BdF RS: Você fala que nas escolas já existe uma certa mudança. Será que o que temos basta ou outras forças precisariam ser movimentadas? Por exemplo, a mídia…
Juremir: Eu acho que na mídia também já há muitos espaços. Por exemplo, tu és mídia, teu jornal vai apresentar uma visão, uma entrevista crítica à Revolução Farroupilha. Tem o Correio do Povo, onde eu trabalho, que dá espaço para quem defende a Revolução Farroupilha e dá espaço para pessoas como eu, que criticam a Revolução Farroupilha. Em época de redes sociais, internet, nós não podemos mais pensar mídia só do ponto de vista da Rede Globo que, sim, tem um enorme poder. Mas tem muitos outros poderes, tem muitas outras formas, hoje, de apresentação das coisas. A grande matéria jornalística do momento é do Intercept, um site. Não é da Globo. Então tem que contemplar isso também e, aos poucos, as coisas vão acontecendo, aos poucos a visão sobre a Revolução Farroupilha vem mudando e vai mudar.
É uma constatação, eu conheço os professores que falam de Revolução Farroupilha nas escolas, e a visão deles é crítica. Outra coisa, eu conheço as pessoas que pesquisam sobre a Revolução Farroupilha nas universidades, são pesquisas muito sérias e que são críticas. Então, me parece que é uma coisa que vai se capilarizando. Hoje a consciência sobre a questão do preconceito racial é muito mais forte do que antes. As denúncias estão por toda parte.
BdF RS: Os festejos farroupilhas passaram a ser oficiais em 1964, no início da ditadura militar. Em 2019, é o primeiro sob o governo Bolsonaro, com os militares no poder. O atual slogan do governo Eduardo Leite é “Novas façanhas”. O tema ganha força política quanto mais perto do espectro da direita e dos regimes autoritários?
Juremir: Certamente. A história não é linear, ela não avança em linha reta, sempre do pior para o melhor, ela pode recuar. Claro que essa visão tradicional criticável da Revolução Farroupilha está associada à ideologia autoritária. Claro que, em tempos de Bolsonaro, há uma tendência a se enfatizar esse lado mais das façanhas, esse lado mais falso. Eu acho que o governador Eduardo Leite talvez faça uma escolha inadequada, não acho que ele seja equivalente ao Bolsonaro. Eu posso não concordar com ele, mas ele é um jovem político liberal democrático dentro das regras do jogo. Acredito que o uso desse slogan para o Eduardo Leite não tenha o mesmo significado que pode ter para os bolsonaristas que queiram aproveitar o momento para lançar a Revolução Farroupilha como um culto, por exemplo, ditatorial.

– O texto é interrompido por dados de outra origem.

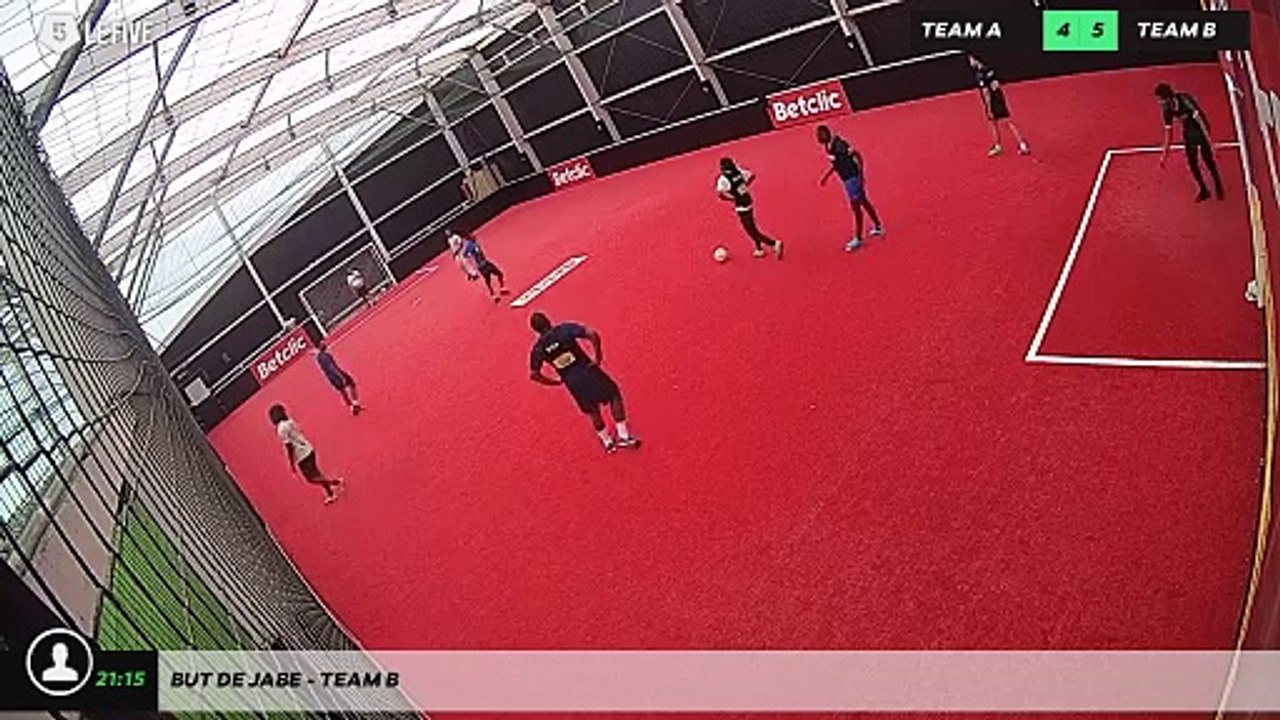 But de Jabe - Team B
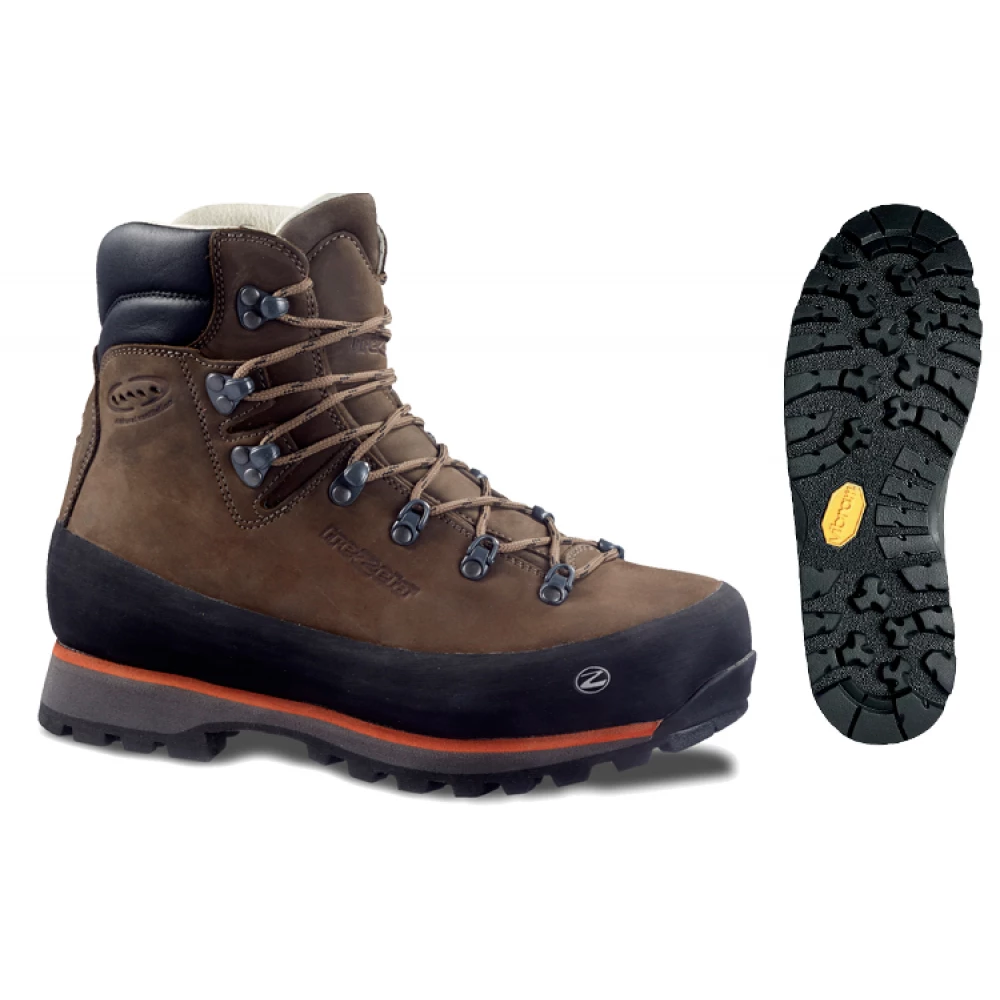 Черевики Trezeta Top Evo Leather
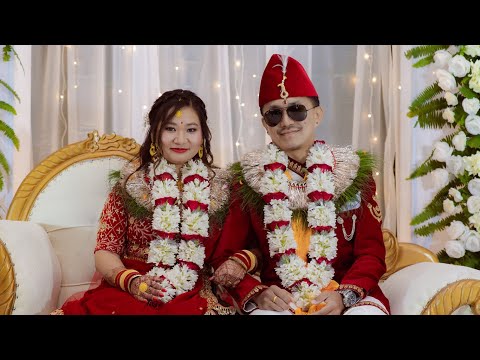 ER. NISHAN AND KRIPA GURUNG || WEDDING DAY FULL VIDEO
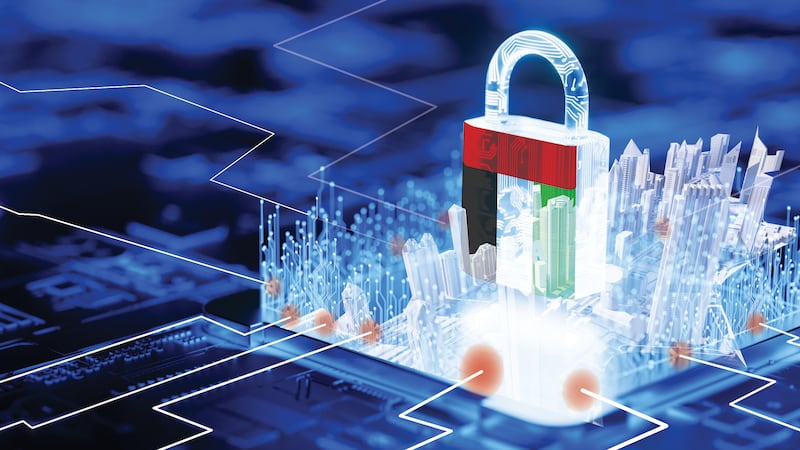 The UAE is one of the countries where cyber criminals attempt attacks most frequently. Getty Images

Juremir: Claro! Acho que não é um bom slogan para o momento. Mas tenho impressão de que, como no Rio Grande do Sul, assim como tudo se refere a Grêmio e Internacional, tudo se refere à Revolução Farroupilha. Então quando se quer buscar alguma coisa para reforçar um determinado momento, a gente vai buscar na Revolução Farroupilha. Eu fico com a impressão de que é um bom slogan num mau momento. Acaba aproximando o Eduardo Leite dos bolsonaristas. Eu mesmo fiz entrevistas com ele em que ele falou, por exemplo, que durante a campanha eleitoral ele apoiou o Bolsonaro com reservas. Eu digo isso no sentido de tentar ser justo, cada qual com seu perfil.